Shell wildcards - a type of regex
Overview
Teaching: 20 min
Exercises: 20 minQuestions
Are regular expressions available in standard Unix commands?
Objectives
(Re)Introduce wildcards available in the Unix shell for file selection.
‘*’, ‘?’, ‘[ ]’, ‘[! ]’ and ‘{ }’
While using a Unix shell, you may have already become familiar with a simple form of regular expression. Have you ever used a command like this?
ls *.txt
It’s a searchable pattern which means “match anything that ends in .txt”. The * works as a wildcard, expanding to match any of zero or more characters.
However, there are other wildcards available that allow for more specific and complex patterns.
’?’ to match any single character
The ? wildcard matches any character, but always exactly one character.
For example:
ls sample?.txt
sample1.txt sample4.txt sample7.txt sampleA.txt sampleD.txt sampleY.txt
sample2.txt sample5.txt sample8.txt sampleB.txt sampleE.txt sampleZ.txt
sample3.txt sample6.txt sample9.txt sampleC.txt sampleF.txt
Try it 1
- Write a similar ls command to list .txt files with a 2 digit/char sample number.
- Write a similar ls command to list for samples specifically in the range of 10-19.
Solution
ls sample??.txt ls sample1?.txt
That last challenge was a bit of a gotcha. The solution using ‘?’ would have also picked up a sample “1A”. Not what we were after, but a good segue for the next concept- matching to a list of options or ranges.
’[ ]’ to match any single character in a list or range
Use of square brackets [ list ] allows matching to a single character, where that character has to match any of the options listed between the brackets. The brackets may contain a list, or a range, or a mix of both. For example, to match any one digit from 0 to 9, the following are equivalent:
[0123456789]
[0-9]
[0-789]
Ranges work for alphabet characters too. The following are equivalent:
[ABCDEFG]
[A-G]
Important: as always on a Unix shell, case matters!
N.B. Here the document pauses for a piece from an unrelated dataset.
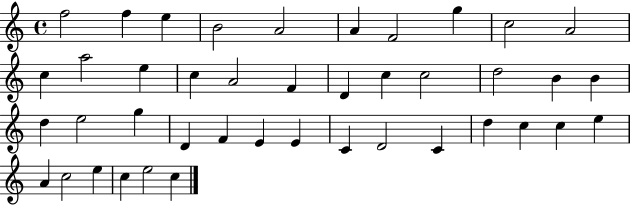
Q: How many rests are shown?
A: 0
A list of all alphanumeric characters is:
[a-zA-Z0-9]
So back to our earlier challenge of listing files for sample numbers 10-19. A better solution is:
ls sample1[0-9].txt
Remember: an entire ‘[list]’ set will only match a single listed character at a time.
Try it 2
- Write an ls command to list .txt files for samples 2 to 5.
- Write an ls command to list .txt files for samples X, Y and Z and sample A.
- Write an ls command to list .txt files for samples denoted by a number followed by a letter (e.g. sample1A).
- Write an ls command to list .txt files for all sample names ending in a letter.
Solution
ls sample[2-5].txt ls sample[AX-Z].txt ls sample[0-9][A-Z].txt ls sample*[A-Z].txt
’!’ to match any single character NOT in a list or range
Connected to the square bracket notation is the NOT(!) symbol ‘[! ]’.
Use of a ‘!’ inside ‘[ ]’ makes it match to any single character NOT in the list.
E.g.
[!A]
… would match any character that’s not A.
[!0-9]
… would match any character that’s not a digit from 0 to 9.
Try it 3
- Write an ls command to list .txt files for all samples other than those numbered 4 to 7 and 9.
Solution
ls sample[!4-79]*.txt
’{ }’ to list whole word or expressions as options
Lastly for this section we have the curly brackets ‘{ }’.
Like for square brackets, curly brackets lets you match to one of the options listed inside.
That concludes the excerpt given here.